#### Data supplied ####
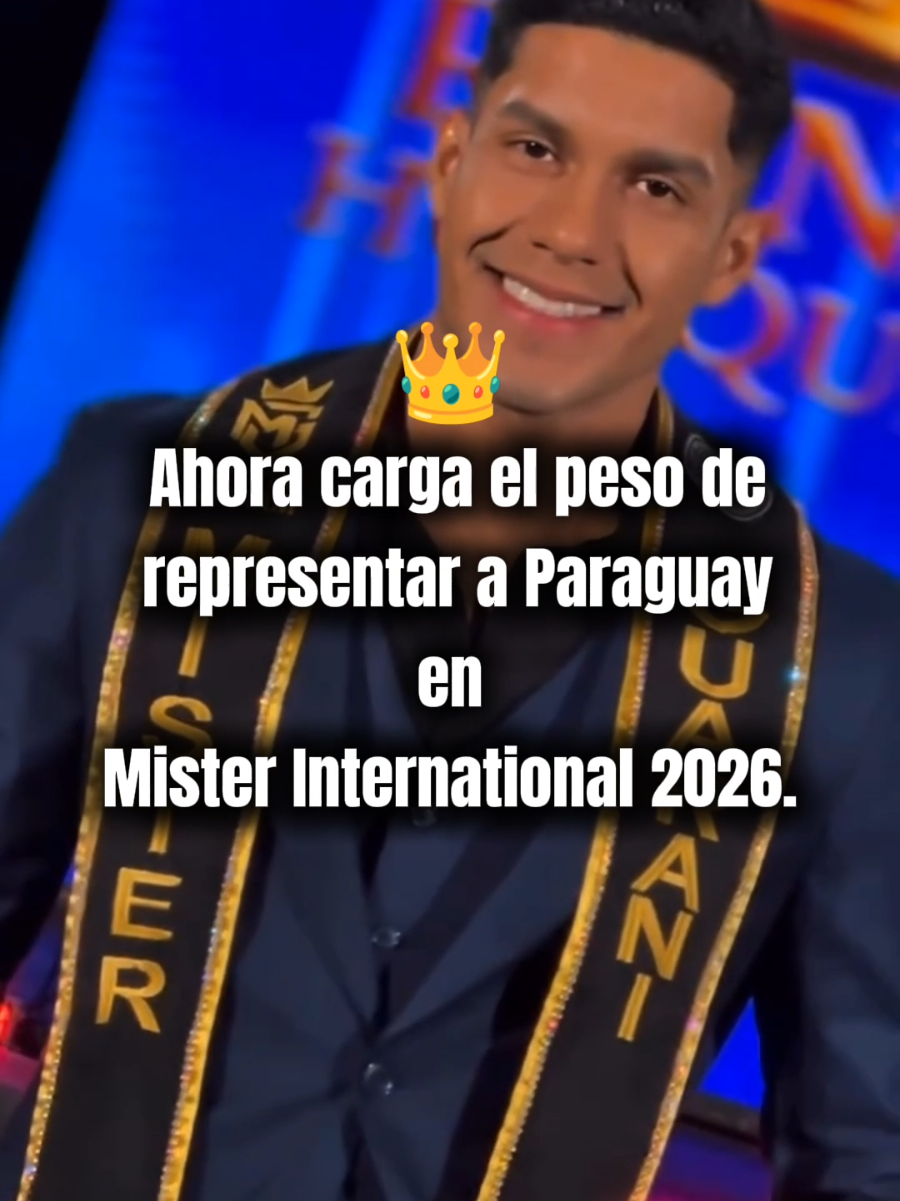 @Hombres Mister Official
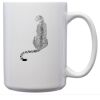 15 oz Ceramic Mug  Thumbnail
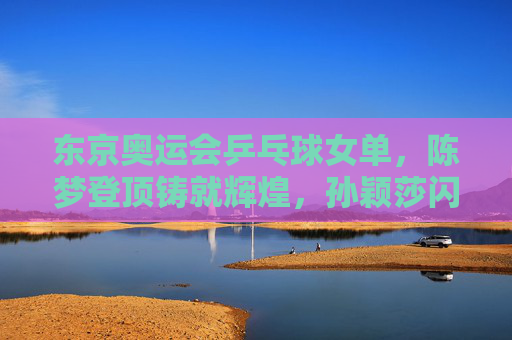 东京奥运会乒乓球女单,陈梦登顶铸就辉煌,孙颖莎闪耀青春光芒,东京奥运乒乓球女单,陈梦铸就辉煌,孙颖莎闪耀青春 东京奥运会乒乓球女单,陈梦登顶铸就辉煌,孙颖莎闪耀青春光芒,东京奥运乒乓球女单,陈梦铸就辉煌,孙颖莎闪耀青春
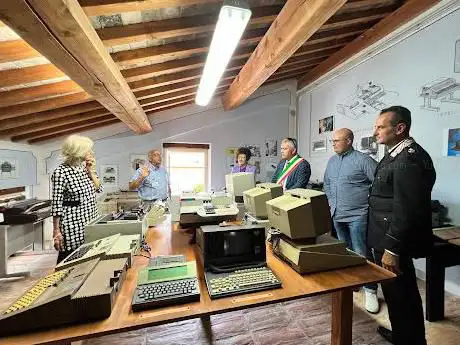 Museo della macchina da scrivere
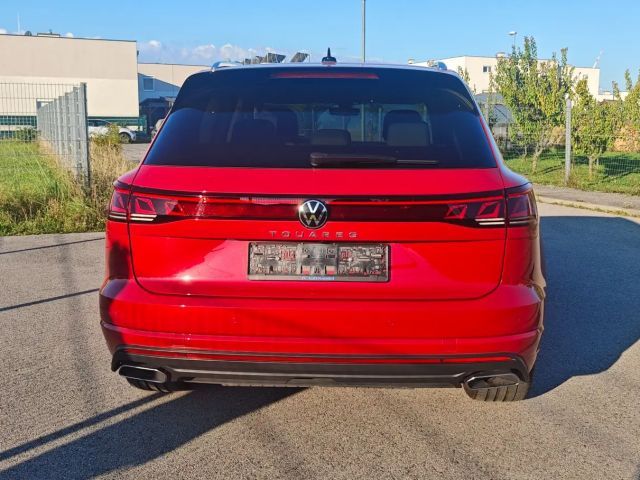 Volkswagen Touareg 4Motion Elegance Elegance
####
## Assignment
Set down the data above verbatim, omitting every image.

## Exercise solution
 @Hombres Mister Official
 15 oz Ceramic Mug  Thumbnail
 东京奥运会乒乓球女单,陈梦登顶铸就辉煌,孙颖莎闪耀青春光芒,东京奥运乒乓球女单,陈梦铸就辉煌,孙颖莎闪耀青春 东京奥运会乒乓球女单,陈梦登顶铸就辉煌,孙颖莎闪耀青春光芒,东京奥运乒乓球女单,陈梦铸就辉煌,孙颖莎闪耀青春
 Museo della macchina da scrivere
 Volkswagen Touareg 4Motion Elegance Elegance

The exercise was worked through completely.